AutoAlbument introduction and core concepts

What is AutoAlbument

AutoAlbument is a tool that automatically searches for the best augmentation policies for your data.

Under the hood, it uses the Faster AutoAugment algorithm. Briefly speaking, the idea is to use a GAN-like architecture in which Generator applies augmentation to some input images, and Discriminator must determine whether an image was or wasn't augmented. This process helps to find augmentation policies that will produce images similar to the original images.

How to use AutoAlbument

To use AutoAlbument, you need to define two things: a PyTorch Dataset for your data and configuration parameters for AutoAlbument. You can read the detailed instruction in the How to use AutoAlbument article.

Internally AutoAlbument uses PyTorch Lightning for training a GAN and Hydra for handling configuration parameters.

Here are a few things about AutoAlbument and Hydra.
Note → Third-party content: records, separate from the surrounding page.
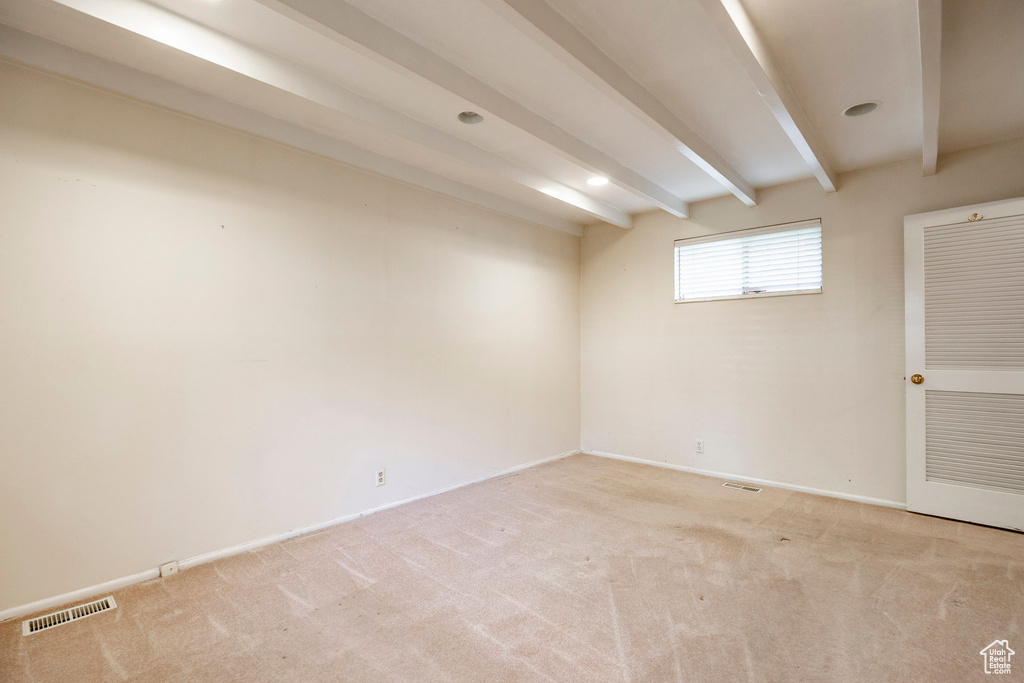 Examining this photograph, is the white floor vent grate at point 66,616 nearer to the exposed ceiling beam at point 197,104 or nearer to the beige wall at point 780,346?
the exposed ceiling beam at point 197,104

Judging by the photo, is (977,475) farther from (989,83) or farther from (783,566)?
(989,83)

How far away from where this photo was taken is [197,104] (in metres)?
2.53

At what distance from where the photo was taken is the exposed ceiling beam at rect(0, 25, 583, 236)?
2.09 meters

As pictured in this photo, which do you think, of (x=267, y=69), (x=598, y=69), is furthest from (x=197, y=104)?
(x=598, y=69)

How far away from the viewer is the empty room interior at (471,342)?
1.95 meters

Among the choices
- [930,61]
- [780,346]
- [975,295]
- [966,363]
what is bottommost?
[966,363]

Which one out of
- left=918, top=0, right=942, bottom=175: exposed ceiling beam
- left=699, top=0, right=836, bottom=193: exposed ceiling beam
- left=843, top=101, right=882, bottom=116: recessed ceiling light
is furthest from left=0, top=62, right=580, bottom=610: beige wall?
left=918, top=0, right=942, bottom=175: exposed ceiling beam

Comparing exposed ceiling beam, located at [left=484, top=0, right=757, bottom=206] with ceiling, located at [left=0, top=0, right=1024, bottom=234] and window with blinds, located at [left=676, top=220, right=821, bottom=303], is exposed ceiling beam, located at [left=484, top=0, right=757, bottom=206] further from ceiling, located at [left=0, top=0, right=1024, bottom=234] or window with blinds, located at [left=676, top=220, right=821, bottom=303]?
window with blinds, located at [left=676, top=220, right=821, bottom=303]

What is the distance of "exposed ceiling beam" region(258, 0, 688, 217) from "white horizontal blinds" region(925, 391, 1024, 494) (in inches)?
115

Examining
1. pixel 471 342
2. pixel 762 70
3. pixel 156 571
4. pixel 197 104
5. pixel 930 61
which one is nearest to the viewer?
pixel 930 61
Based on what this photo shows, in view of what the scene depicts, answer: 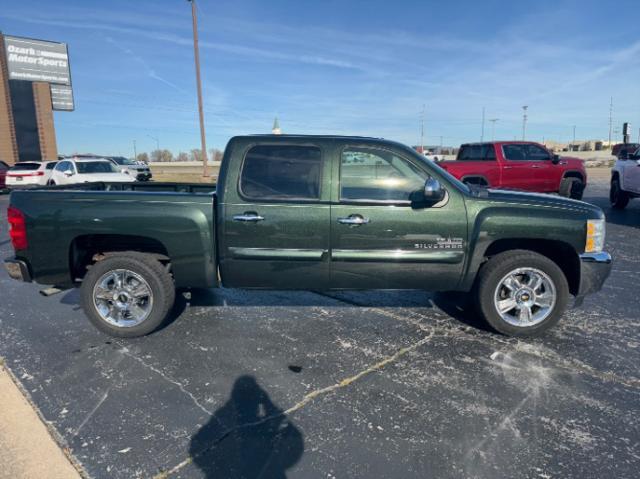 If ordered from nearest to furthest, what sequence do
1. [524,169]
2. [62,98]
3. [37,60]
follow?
1. [524,169]
2. [37,60]
3. [62,98]

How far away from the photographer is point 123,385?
10.6 feet

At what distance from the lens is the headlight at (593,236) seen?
12.8ft

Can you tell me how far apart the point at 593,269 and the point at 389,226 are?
6.30 feet

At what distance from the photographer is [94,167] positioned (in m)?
16.7

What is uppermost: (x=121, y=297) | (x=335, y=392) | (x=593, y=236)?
(x=593, y=236)

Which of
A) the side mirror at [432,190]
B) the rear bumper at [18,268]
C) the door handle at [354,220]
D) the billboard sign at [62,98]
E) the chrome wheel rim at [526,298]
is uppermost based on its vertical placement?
the billboard sign at [62,98]

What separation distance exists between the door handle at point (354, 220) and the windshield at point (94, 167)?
1575cm

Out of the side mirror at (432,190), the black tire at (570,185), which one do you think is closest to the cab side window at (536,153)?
the black tire at (570,185)

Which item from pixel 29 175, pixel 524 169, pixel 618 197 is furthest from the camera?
pixel 29 175

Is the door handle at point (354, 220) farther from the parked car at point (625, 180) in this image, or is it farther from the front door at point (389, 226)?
the parked car at point (625, 180)

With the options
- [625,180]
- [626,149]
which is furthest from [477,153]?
[626,149]

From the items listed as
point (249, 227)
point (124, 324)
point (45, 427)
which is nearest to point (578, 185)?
point (249, 227)

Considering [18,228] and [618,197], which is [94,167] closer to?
[18,228]

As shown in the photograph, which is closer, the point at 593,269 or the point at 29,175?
the point at 593,269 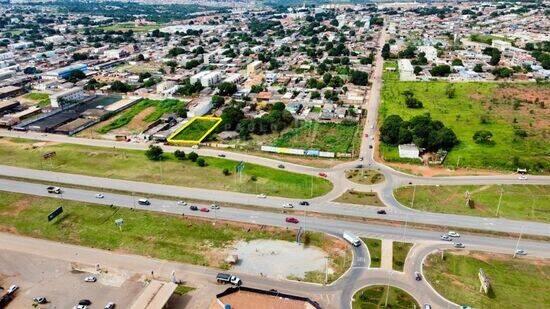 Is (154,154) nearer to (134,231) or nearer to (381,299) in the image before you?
(134,231)

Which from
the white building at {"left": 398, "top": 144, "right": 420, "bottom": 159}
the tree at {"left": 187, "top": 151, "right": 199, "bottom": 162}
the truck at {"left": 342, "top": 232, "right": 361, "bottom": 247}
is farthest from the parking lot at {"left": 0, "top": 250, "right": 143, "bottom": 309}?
the white building at {"left": 398, "top": 144, "right": 420, "bottom": 159}

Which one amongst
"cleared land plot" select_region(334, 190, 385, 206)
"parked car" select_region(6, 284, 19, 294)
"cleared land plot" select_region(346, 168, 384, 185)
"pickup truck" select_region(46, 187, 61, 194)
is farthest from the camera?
"cleared land plot" select_region(346, 168, 384, 185)

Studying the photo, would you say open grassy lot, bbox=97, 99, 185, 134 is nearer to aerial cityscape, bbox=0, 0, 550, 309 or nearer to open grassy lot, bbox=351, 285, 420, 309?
aerial cityscape, bbox=0, 0, 550, 309

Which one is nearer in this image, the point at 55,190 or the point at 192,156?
the point at 55,190

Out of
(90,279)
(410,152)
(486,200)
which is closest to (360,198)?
(486,200)

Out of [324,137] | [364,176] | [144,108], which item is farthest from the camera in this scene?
[144,108]

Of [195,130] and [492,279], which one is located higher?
[195,130]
The main internal configuration file is located at autoalbument/cli/conf/config.yaml

Here is its content:

 - _version
 - task
 - policy_model: default
 - classification_model: default
 - semantic_segmentation_model: default
 - data: default
 - searcher: default
 - trainer: default
 - optim: default
 - callbacks: default
 - logger: default
 - hydra: default
 - seed
 - search

Basically, it includes a bunch of config files with default values. Those config files are split into sets of closely related parameters such as model parameters or optimizer parameters. All default config files are located in their respective directories inside autoalbument/cli/conf

The main config file also includes the search.yaml file, which you will use for overriding default parameters for your specific dataset and task (you can read more about creating the search.yaml file with autoalbument-create in How to use AutoAlbument)

To allow great flexibility, AutoAlbument relies heavily on the instantiate function from Hydra. This function allows to define a path to a Python class in a YAML config (using the _target_ parameter) along with arguments to that class, and Hydra will create an instance of this class with the provided arguments.

As a practice example, if a config contains a definition like this:

_target_: autoalbument.faster_autoaugment.models.ClassificationModel
num_classes: 10
architecture: resnet18
pretrained: False

AutoAlbument will translate it approximately to the following call:

from autoalbument.faster_autoaugment.models import ClassificationModel

model = ClassificationModel(num_classes=10, architecture='resnet18', pretrained=False)

By relying on this feature, AutoAlbument allows customizing its behavior without changing the library's internal code.

PyTorch Lightning

AutoAlbument relies on PyTorch Lightning to train a GAN. In AutoAlbument configs, you can configure PyTorch Lightning by passing the appropriate arguments to Trainer through the trainer config or defining a list of Callbacks through the callbacks config.